The Golden Apple Award is presented by Students Honoring Outstanding University Teaching and is the only student-selected teaching award on campus. It honors undergraduate and graduate faculty members who continuously seek to engage students in the classroom.

Students can nominate a faculty member of their choice. One of Ball’s previous students organized the vote, and will introduce his Golden Apple “Last Lecture.”

“It felt good to have the recognition of the students, and I’m glad they see the appeal in what I do. That’s the best part of it,” Ball said.

The concept of the award was inspired by Rabbi Eliezer ben Hurkanos — a teacher of Jewish tradition who taught to “get your life in order one day before you die.” The award seeks to honor teachers who consistently teach as if each lecture were their last, and strive to disseminate knowledge while inspiring and engaging students in its pursuit.

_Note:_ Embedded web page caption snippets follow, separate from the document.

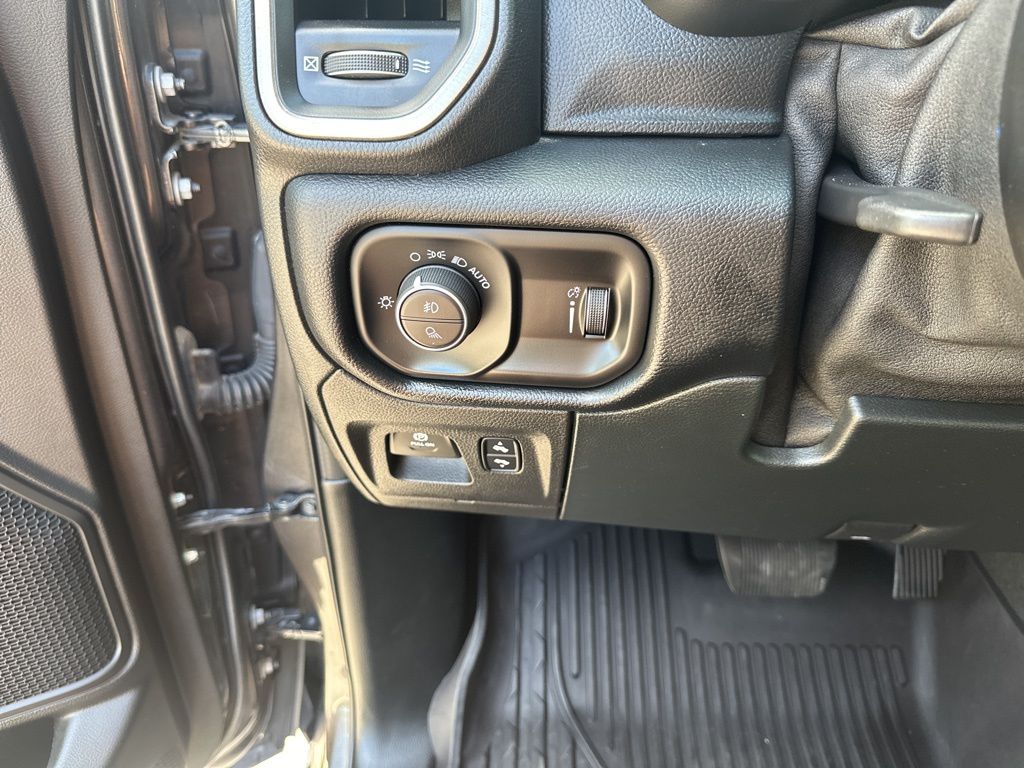 Used Car 2020 Ram 1500  Rebel For Sale Under $40,000 In Austin, Texas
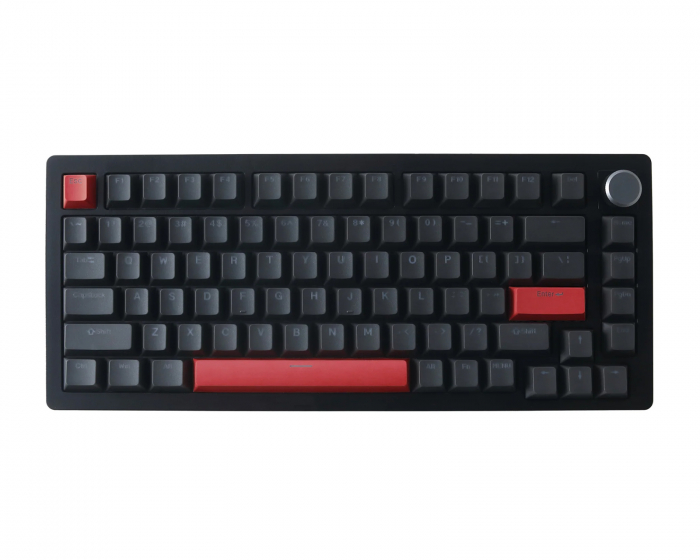 DrunkDeer A75 - Magnetic Switch Gaming Keyboard - Black (DEMO)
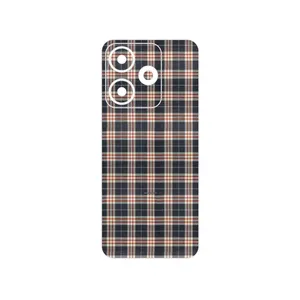 MAHOOT Fabric Texture 5 Cover Sticker for Xiaomi Redmi 13x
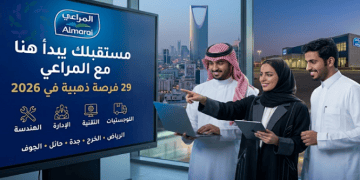 وظائف المراعي 2026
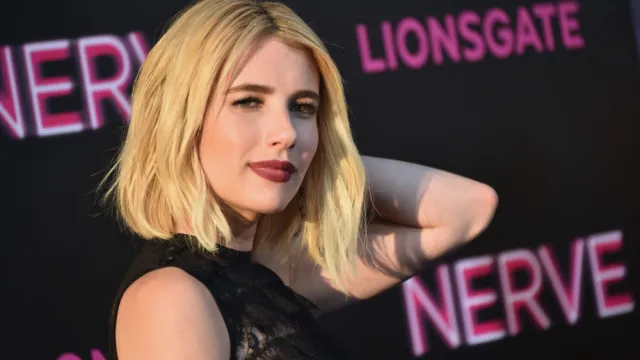 emma roberts 2017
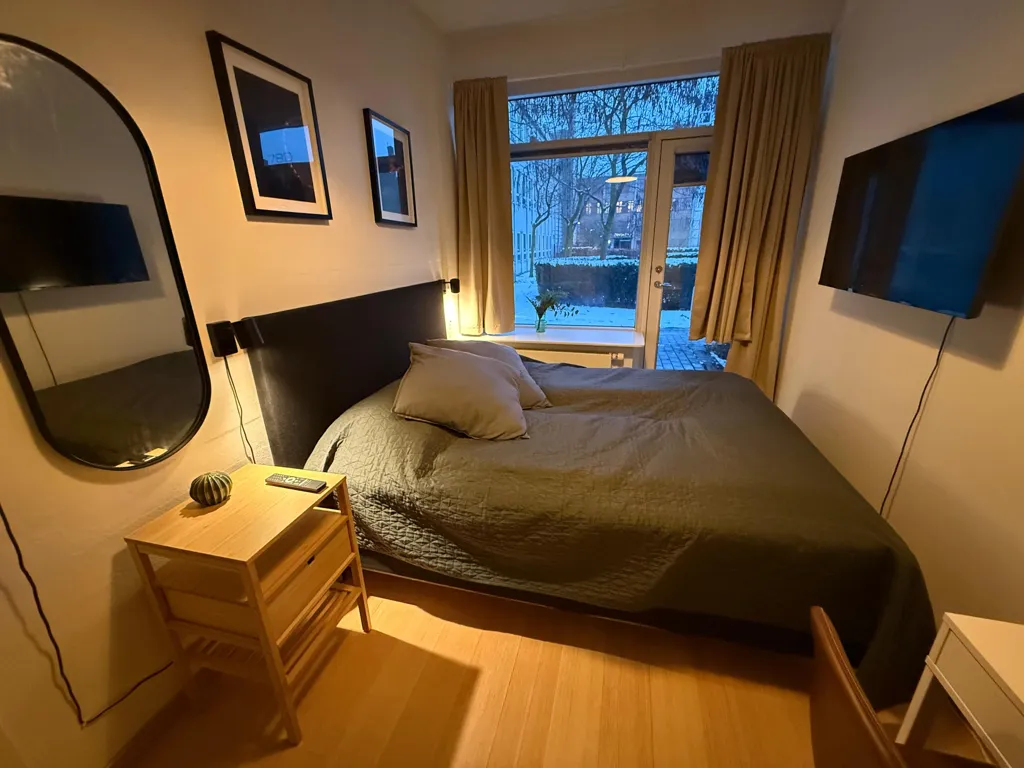 Chambres - Appartement 1 pièces à København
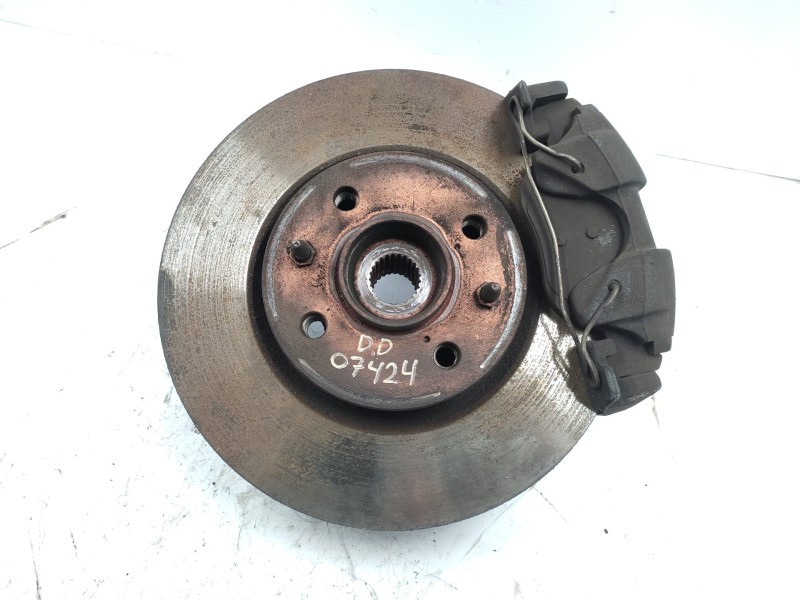 Mangueta Delantera Derecha 46528906  - Fiat Punto Berlina (188) 1.3 16v Multijet Feel 3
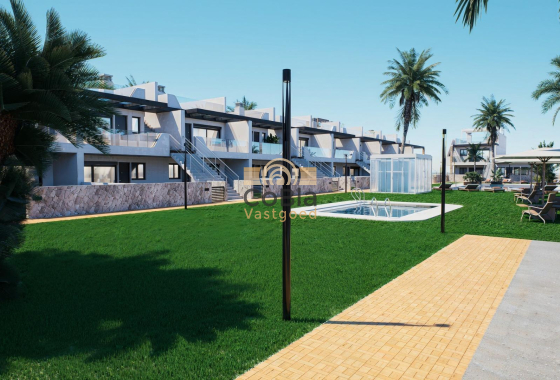 Nieuwbouw Woningen - Bungalow - Pilar de la Horadada - pueblo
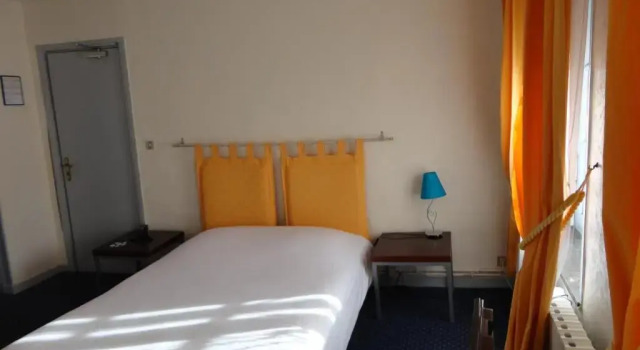 Четырёхместный номер Standard Escal Hôtel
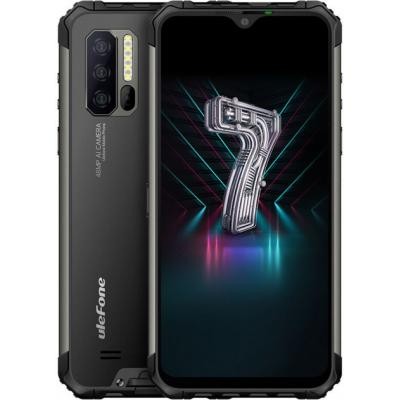 Мобільний телефон Ulefone Armor 7 8/128Gb Black (6937748733416 | 6937748733737)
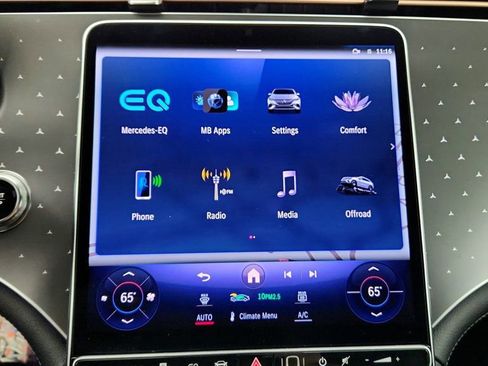 Used 2023 Mercedes-Benz EQE 350+ 4MATIC SUV image 17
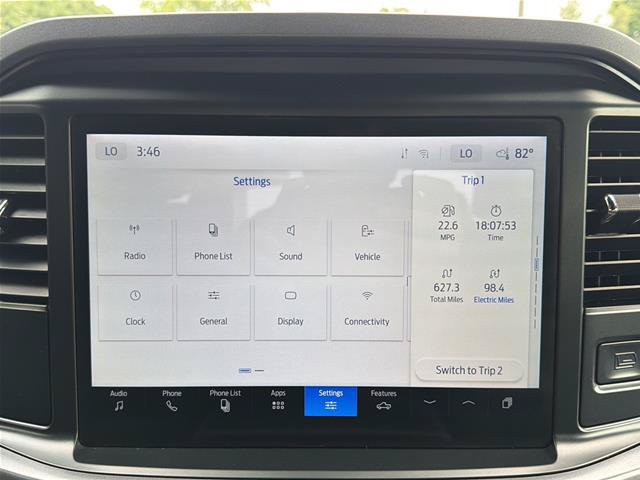 Certified 2025 Ford F150 XLT w/ Equipment Group 301A Standard AWD/4WD image 28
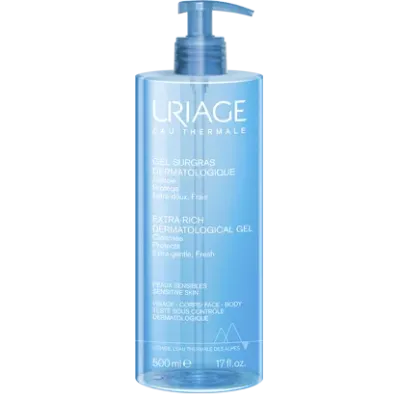 URIAGE GEL SURGRAS DERMATOLOGIQUE 500ML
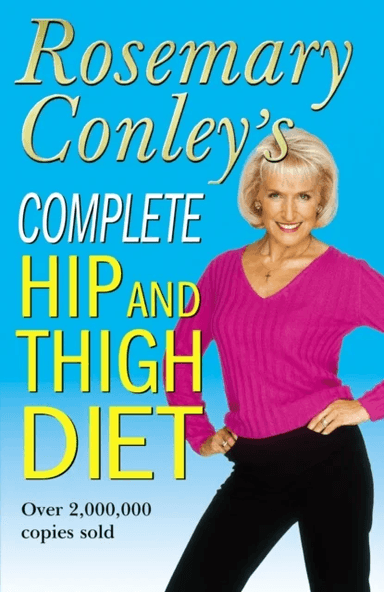 Complete Hip And Thigh Diet av Rosemary Conley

In the spirit of living each day is if it were the last, recipients are asked to give a lecture — one that they would give as if it were to be the last of their careers.

Ball will speak on “Accounting for Ambiguity: Lessons from Denmark, MMA, and Improv.”

“It’s a smathering of different topics with the focus on lessons I’ve learned from dealing with uncertainty,” he says. “How to grapple with uncertainty, which is something I’ve grappled with all my life. How do you move on in life when it’s an uncertain future? That’s the angle of it.”

Ball’s “Last Lecture” will take place at 6 p.m. April 13 in Rackham Auditorium.